My real interest was studying the guitar to arrange and compose instrumentals for it in a purely recreational sense (akin to say, engaging in painting for relaxing or therapeutic reasons). Eventually got to where I could identify any note on the fingerboard regardless of what tuning it was changed to. (As long as it wasn't a speed test with a five-second time limit for each!) And I guess I still occasionally imagine a fingerboard in my head during an insomnia bout and experimentally ponder how to set some passing musical ideas to it, but never bother to transcribe such to paper anymore.

Quote:I never watched Game of Thrones. I was starting to feel like an outsider but now everyone is telling me to not waste my time.

In terms of filmed epic fantasy finally growing up into complicated drama, I guess the ride prior to that final-season sinkhole is still interesting.

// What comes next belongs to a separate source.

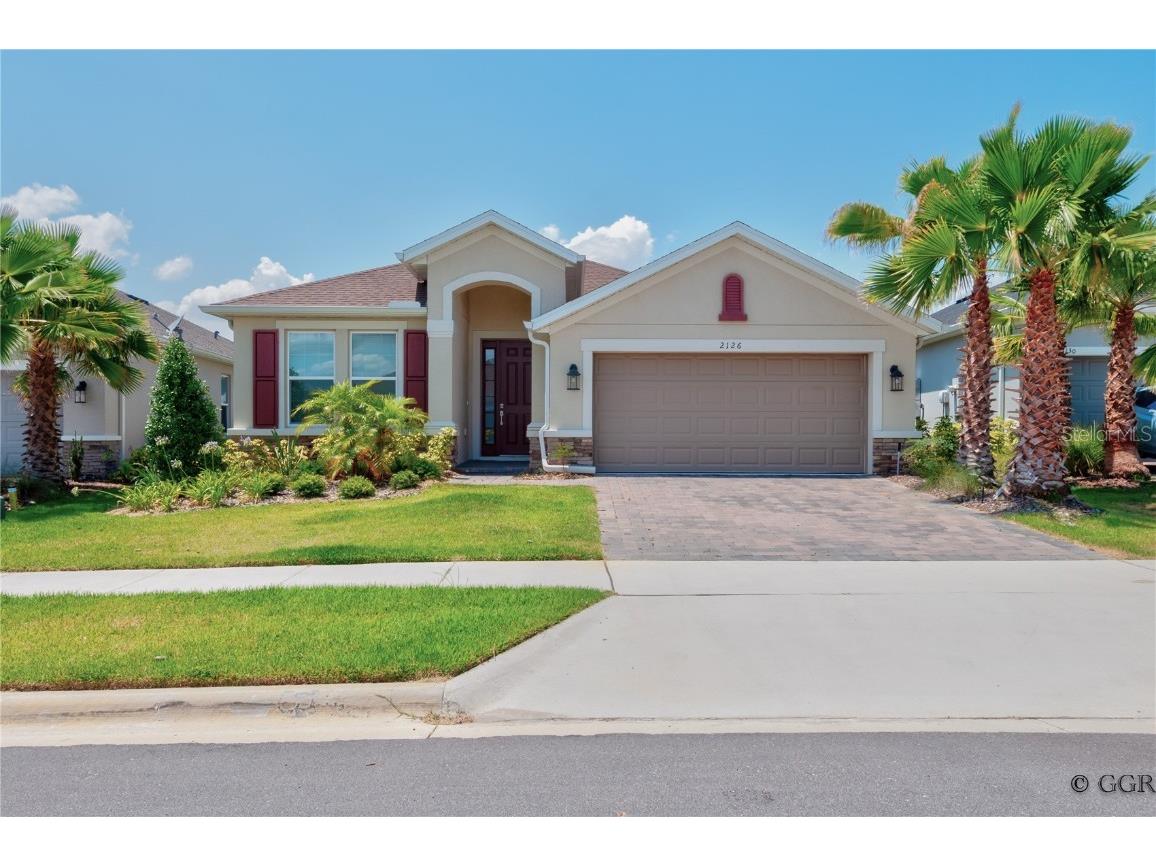 2126 Ridge Pointe Lane Clermont FL 34715 O6212367 image1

But that's in the context of assuming that all the old-school viewers are extinct who'd have trouble wading through the gratuitous guts, gore, torture, anachronistic profanity, soft-porn sex, and misogynism balanced out with three or four "strong" heroines and an adept villainess. The lot of those items presumedly supplied largely for the guy half of the audience. Including their ideas of what a "strong woman" is and what those gradually developing into such have to go through to reach that status. At least A___ didn't get raped. On the flip-side, some of the male characters had to go through their own various torments and ordeals to transition from complete bastards to partially moral bastards.

Fictional characters can sometimes take on a life of their own that wants to stray from how their behavior, the plot, and the ending was originally conceived by the author(s) before actually being written or played out. What GoT suffered from was forcing the characters to slot into a predetermined finale that Martin sketched out for Benioff for the last couple seasons. Instead of just letting things wing a bit according to how the personalities naturally developed on screen over the years (and also deviated measurably from the novels in the course of that, I've heard). Martin hasn't completed his own book series of GoT yet, thus the apparently threadbare yet fixed outline offered by him to the TV production.

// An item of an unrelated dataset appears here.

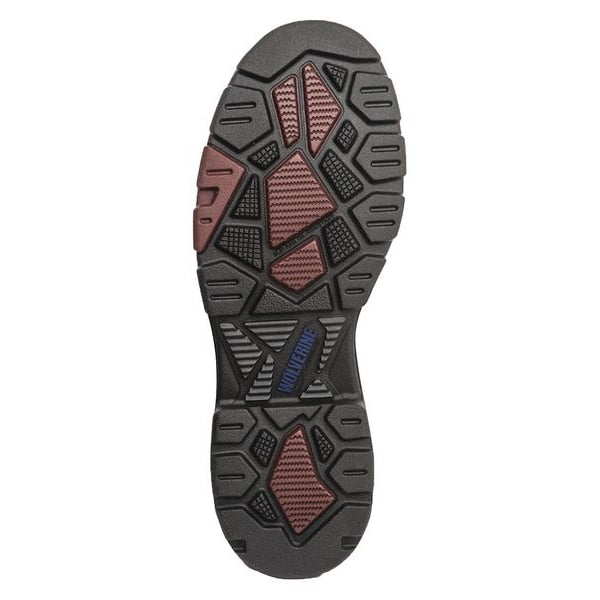 Wellington Boots, Composite, 11-1/2EW, PR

Even this supposedly long-ago preset template the characters were forced into might have worked if the season could have been drawn out over ten episodes or longer. Instead of everything being jammed into six installments, so that there was a lot less of the scrutiny than in earlier seasons of what was transpiring in these people's minds, whereby their decisions and actions might have seemed more consistent.

It was literally like the pattern of a low ratings show that gets cancelled much earlier than intended, but then the network has a change of heart and allows it to come back for handful of episodes or a stand-alone movie the next season, just to hurriedly wrap things up. The ending winds-up being a mess due to that, but at least the cancelled series does not have to conclude on a never resolved cliffhanger. Whereas GoT was a critical and ratings success, the exact opposite of a situation like that. Incredible expenses or not, the ending should have received all the extra episodes it required to unfold properly.